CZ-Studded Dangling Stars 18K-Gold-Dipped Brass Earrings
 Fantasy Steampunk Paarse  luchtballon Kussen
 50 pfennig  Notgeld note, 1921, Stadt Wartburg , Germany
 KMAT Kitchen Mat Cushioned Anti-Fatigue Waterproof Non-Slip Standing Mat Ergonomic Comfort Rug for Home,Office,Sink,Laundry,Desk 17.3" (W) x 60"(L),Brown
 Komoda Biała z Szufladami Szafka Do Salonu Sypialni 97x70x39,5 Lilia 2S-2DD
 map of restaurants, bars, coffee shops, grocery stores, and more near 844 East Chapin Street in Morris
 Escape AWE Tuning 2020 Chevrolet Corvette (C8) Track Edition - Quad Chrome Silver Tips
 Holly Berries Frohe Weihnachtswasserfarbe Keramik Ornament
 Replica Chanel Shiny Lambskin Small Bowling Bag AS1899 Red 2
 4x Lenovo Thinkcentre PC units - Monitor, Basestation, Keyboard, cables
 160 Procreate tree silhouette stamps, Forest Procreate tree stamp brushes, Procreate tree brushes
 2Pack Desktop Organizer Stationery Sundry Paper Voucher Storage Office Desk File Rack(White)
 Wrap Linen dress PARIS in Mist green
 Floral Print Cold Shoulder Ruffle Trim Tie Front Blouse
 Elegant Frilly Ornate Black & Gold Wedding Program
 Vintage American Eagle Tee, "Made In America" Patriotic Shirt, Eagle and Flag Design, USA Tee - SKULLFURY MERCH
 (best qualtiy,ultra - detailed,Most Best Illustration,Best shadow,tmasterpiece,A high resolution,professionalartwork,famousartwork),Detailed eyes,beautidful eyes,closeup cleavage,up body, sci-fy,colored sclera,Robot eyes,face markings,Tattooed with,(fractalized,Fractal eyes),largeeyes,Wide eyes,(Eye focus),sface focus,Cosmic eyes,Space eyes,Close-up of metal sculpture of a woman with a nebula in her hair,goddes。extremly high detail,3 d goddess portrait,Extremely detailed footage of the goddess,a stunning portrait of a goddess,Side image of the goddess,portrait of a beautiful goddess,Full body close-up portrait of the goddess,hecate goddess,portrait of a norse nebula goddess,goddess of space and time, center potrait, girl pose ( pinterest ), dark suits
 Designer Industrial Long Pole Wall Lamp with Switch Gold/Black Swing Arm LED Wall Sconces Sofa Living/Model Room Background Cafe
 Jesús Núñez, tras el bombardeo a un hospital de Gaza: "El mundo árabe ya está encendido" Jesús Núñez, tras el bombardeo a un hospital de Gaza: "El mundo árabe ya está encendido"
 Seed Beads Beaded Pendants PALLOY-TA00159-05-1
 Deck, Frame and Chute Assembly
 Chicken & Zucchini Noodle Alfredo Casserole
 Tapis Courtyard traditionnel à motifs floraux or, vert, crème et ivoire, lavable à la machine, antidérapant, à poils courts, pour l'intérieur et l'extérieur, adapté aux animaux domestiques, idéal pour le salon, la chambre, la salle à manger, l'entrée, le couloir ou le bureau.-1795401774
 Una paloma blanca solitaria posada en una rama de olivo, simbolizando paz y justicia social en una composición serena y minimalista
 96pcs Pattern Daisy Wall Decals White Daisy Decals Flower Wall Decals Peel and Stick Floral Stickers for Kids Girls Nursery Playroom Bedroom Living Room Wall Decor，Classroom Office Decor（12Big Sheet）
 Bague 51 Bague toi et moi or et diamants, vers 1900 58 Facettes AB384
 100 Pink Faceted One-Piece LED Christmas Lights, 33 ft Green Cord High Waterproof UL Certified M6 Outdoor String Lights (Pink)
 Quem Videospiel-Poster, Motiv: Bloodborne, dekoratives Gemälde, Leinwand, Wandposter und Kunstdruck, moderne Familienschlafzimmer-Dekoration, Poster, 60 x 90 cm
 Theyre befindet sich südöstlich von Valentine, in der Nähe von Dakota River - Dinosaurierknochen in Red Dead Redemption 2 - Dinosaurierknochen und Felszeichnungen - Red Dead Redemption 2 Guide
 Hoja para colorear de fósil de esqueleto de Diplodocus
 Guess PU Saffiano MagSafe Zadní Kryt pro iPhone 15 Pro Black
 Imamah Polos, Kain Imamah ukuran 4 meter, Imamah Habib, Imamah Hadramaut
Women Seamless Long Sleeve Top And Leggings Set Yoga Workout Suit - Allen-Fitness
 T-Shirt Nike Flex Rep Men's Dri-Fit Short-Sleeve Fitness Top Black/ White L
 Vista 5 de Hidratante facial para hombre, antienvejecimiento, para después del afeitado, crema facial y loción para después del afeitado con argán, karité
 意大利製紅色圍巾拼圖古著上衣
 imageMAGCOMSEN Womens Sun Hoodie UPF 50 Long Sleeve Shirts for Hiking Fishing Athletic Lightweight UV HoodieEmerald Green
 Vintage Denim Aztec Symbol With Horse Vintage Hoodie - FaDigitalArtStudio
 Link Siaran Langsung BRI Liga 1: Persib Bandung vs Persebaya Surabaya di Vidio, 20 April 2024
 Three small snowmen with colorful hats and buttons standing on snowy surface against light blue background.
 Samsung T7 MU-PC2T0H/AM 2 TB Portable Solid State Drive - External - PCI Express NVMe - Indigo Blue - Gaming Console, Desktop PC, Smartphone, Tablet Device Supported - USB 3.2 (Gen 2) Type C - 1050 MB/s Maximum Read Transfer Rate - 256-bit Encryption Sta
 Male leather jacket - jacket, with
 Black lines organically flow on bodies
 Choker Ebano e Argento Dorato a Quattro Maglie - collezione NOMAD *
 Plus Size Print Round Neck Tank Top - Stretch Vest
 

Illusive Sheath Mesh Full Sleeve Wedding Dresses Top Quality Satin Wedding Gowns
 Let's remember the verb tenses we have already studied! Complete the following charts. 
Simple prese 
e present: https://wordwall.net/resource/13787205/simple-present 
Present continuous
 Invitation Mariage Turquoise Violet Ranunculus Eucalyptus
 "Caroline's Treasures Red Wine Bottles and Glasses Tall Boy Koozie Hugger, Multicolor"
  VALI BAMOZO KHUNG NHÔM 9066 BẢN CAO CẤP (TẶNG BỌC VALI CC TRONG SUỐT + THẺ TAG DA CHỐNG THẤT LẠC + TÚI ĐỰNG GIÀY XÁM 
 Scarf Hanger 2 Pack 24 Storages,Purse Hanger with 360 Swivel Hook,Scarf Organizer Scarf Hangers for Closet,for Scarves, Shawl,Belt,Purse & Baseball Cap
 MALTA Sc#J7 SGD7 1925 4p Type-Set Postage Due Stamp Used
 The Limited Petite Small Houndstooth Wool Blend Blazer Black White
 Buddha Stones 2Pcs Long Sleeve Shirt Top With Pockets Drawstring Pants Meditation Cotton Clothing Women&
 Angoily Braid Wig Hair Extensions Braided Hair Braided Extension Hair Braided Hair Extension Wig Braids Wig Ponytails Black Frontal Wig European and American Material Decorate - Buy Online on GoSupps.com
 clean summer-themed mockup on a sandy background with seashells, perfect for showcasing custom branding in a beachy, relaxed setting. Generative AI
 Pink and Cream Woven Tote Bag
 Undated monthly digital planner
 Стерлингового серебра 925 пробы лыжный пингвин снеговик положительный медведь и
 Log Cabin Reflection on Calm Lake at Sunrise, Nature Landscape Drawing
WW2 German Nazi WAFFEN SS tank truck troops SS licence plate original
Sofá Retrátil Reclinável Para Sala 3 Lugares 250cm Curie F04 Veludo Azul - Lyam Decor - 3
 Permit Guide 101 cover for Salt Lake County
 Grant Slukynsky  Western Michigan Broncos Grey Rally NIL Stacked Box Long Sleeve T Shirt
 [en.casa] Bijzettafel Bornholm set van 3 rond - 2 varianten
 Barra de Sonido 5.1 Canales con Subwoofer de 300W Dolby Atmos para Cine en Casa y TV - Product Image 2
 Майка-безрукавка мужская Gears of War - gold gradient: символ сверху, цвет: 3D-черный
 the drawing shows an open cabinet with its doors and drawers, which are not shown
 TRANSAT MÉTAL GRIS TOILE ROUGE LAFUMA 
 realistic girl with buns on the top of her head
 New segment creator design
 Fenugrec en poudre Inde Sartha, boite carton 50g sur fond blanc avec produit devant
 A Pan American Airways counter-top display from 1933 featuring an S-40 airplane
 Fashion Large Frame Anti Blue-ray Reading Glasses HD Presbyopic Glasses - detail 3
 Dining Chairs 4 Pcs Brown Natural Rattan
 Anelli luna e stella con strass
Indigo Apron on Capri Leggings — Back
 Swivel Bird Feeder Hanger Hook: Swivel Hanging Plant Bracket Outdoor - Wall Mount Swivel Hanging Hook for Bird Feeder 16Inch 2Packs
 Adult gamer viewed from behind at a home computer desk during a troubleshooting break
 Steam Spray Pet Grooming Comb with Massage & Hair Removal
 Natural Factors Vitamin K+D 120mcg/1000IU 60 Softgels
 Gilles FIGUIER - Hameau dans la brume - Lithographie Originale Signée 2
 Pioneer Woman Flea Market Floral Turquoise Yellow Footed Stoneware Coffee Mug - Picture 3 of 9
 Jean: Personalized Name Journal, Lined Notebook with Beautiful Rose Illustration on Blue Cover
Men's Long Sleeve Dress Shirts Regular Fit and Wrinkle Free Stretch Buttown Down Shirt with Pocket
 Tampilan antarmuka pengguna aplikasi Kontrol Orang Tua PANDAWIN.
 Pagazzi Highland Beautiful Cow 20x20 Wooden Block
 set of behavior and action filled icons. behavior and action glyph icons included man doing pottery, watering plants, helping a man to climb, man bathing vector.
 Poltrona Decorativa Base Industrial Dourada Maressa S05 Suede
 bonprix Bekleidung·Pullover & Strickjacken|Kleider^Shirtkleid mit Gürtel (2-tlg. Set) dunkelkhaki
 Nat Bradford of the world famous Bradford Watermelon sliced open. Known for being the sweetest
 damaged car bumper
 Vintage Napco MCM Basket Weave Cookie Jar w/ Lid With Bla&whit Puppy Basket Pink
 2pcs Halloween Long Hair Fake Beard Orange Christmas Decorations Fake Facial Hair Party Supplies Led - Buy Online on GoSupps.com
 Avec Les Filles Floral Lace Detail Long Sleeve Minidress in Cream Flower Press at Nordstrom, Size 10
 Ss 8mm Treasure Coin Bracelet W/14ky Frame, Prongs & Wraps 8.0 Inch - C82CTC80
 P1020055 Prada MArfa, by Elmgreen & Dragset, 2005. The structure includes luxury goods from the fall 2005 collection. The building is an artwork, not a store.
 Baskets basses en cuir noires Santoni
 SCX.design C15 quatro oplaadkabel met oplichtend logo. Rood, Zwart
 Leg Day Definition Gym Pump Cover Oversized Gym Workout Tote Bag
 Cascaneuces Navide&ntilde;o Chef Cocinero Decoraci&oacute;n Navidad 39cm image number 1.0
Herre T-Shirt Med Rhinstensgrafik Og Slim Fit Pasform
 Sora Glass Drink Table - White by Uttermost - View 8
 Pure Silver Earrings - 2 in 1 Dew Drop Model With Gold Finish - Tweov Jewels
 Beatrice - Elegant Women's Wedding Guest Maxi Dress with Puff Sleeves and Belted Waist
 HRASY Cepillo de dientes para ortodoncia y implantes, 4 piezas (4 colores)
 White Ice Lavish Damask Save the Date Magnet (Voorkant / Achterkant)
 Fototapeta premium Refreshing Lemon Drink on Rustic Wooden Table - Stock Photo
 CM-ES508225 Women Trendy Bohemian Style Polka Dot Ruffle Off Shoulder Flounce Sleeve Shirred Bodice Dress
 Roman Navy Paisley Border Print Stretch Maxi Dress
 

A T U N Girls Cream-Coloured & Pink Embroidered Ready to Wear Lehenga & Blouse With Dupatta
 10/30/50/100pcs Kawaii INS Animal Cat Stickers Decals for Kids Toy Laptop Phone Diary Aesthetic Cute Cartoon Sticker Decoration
=====
» The task: Scan the records above for the lines holding "Jean: Personalized Name" and "Pagazzi Highland Beautiful". Transcribe those two and every line between them word for word, and no others.

» Written answer:
 Jean: Personalized Name Journal, Lined Notebook with Beautiful Rose Illustration on Blue Cover
Men's Long Sleeve Dress Shirts Regular Fit and Wrinkle Free Stretch Buttown Down Shirt with Pocket
 Tampilan antarmuka pengguna aplikasi Kontrol Orang Tua PANDAWIN.
 Pagazzi Highland Beautiful Cow 20x20 Wooden Block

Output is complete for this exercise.